◆ Exercise prompt:
Only the text of the records, copied exactly, is wanted; no pictures.

Top of The data

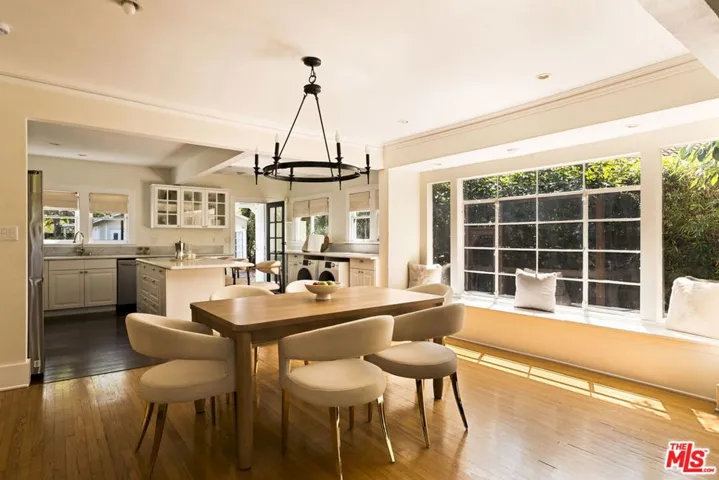 720 N Ogden Drive, Los Angeles, California 90046 — photo 5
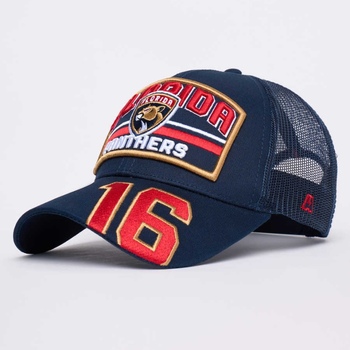 32309 Бейсболка Florida Panthers №16 - фото товара №1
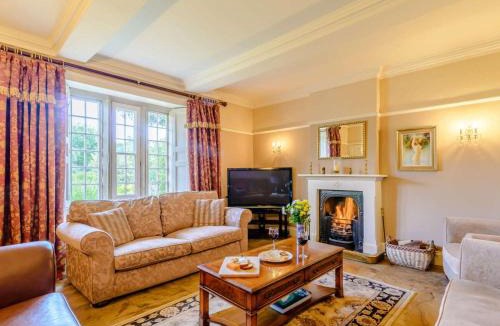 Summerbridge House | 5 bed in Pateley Bridge 83663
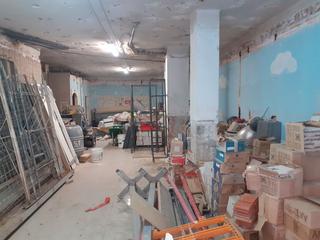 Local commercial  Avinguda diagonal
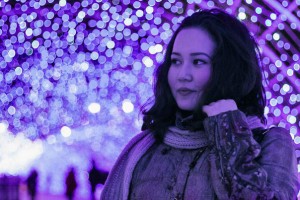 Жазетова Ажар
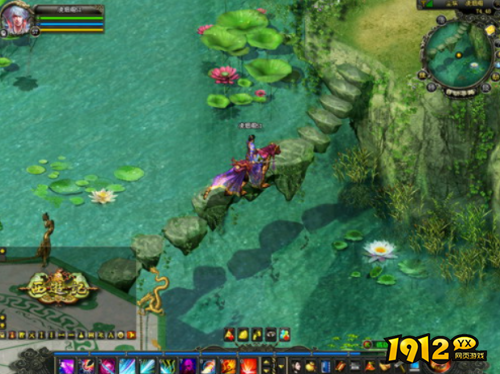 热血西游凌烟阁门派怎么样 热血西游凌烟阁门派介绍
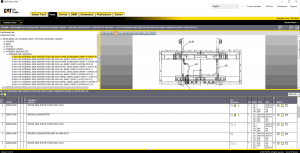 Caterpillar Forklift MCFA Parts Catalog New 05.2022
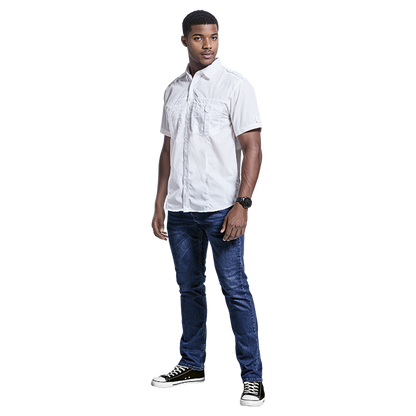 City Shirt (short sleeve)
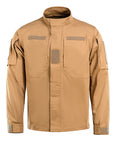 Jacke Patrol Flex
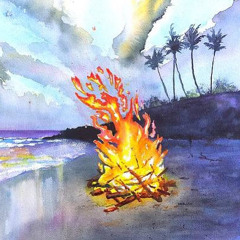 Bonfire [prod. troyvixious]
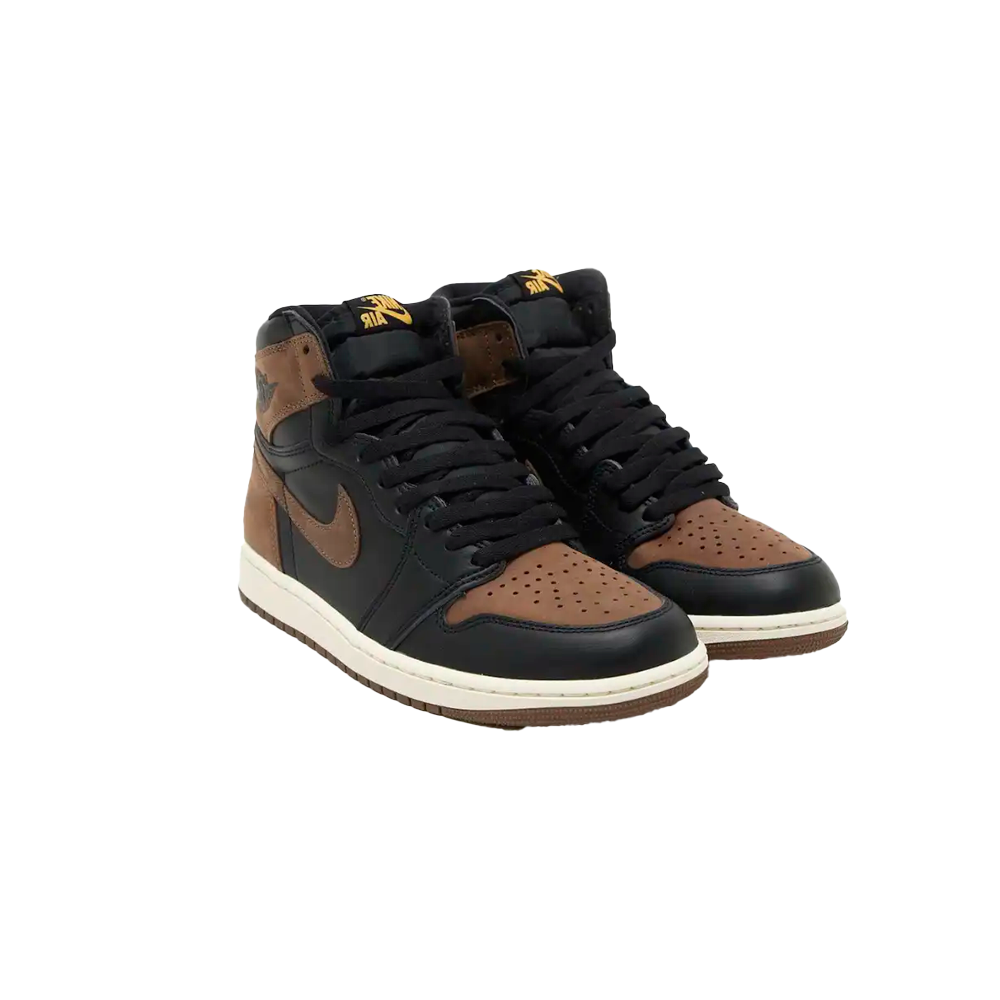 Nike Air Jordan 1 High GS Palomino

Bottom of The data

◆ Answer space:
 720 N Ogden Drive, Los Angeles, California 90046 — photo 5
 32309 Бейсболка Florida Panthers №16 - фото товара №1
 Summerbridge House | 5 bed in Pateley Bridge 83663
 Local commercial  Avinguda diagonal
 Жазетова Ажар
 热血西游凌烟阁门派怎么样 热血西游凌烟阁门派介绍
 Caterpillar Forklift MCFA Parts Catalog New 05.2022
 City Shirt (short sleeve)
 Jacke Patrol Flex
 Bonfire [prod. troyvixious]
 Nike Air Jordan 1 High GS Palomino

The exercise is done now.